**** Available data ****

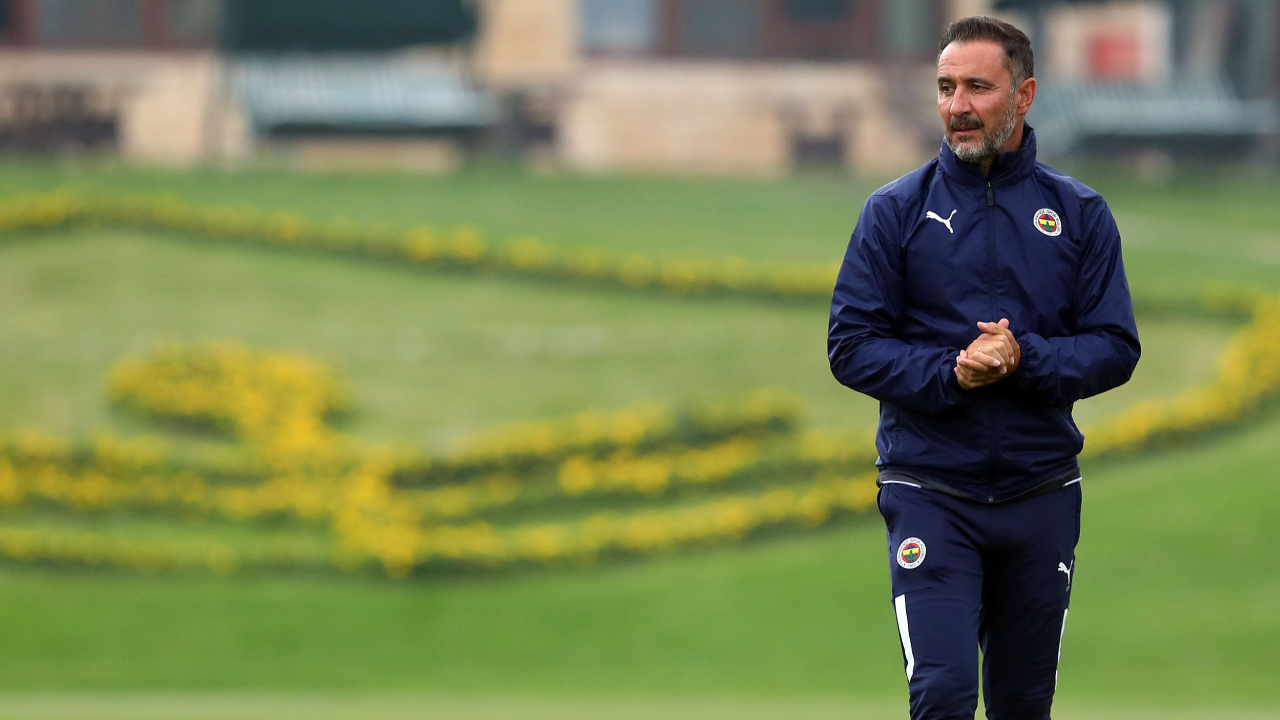 Fenerbahçe Teknik Direktörü Vitor Pereira, takımdan gönderilecek 5 ismi belirledi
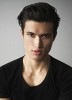 photo Charles Melton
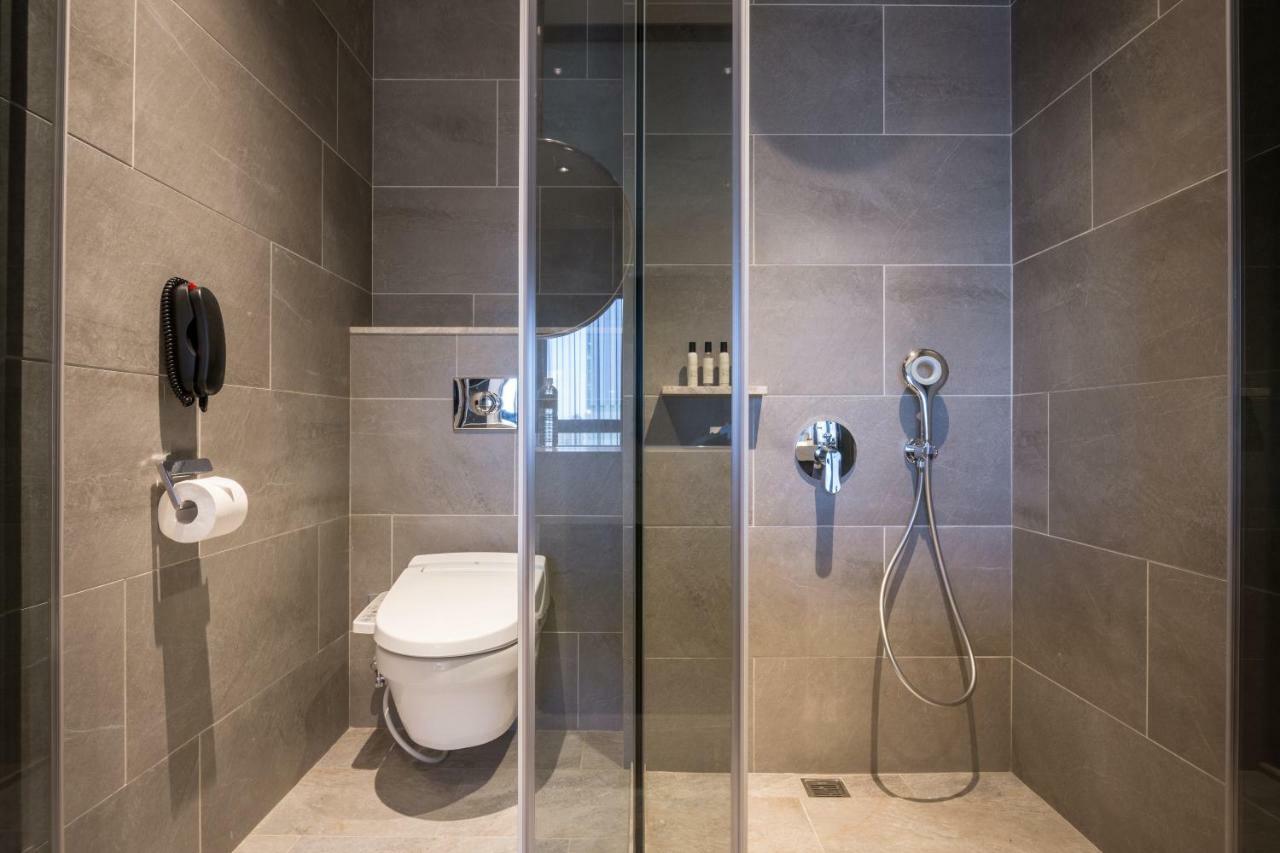 Park Lees Hotel Гаосюн Экстерьер фото A wet room in a hotel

****

(Problem description)
The copy must match the listing above exactly but contain no pictures.

(Task answer)
 Fenerbahçe Teknik Direktörü Vitor Pereira, takımdan gönderilecek 5 ismi belirledi
 photo Charles Melton
 Park Lees Hotel Гаосюн Экстерьер фото A wet room in a hotel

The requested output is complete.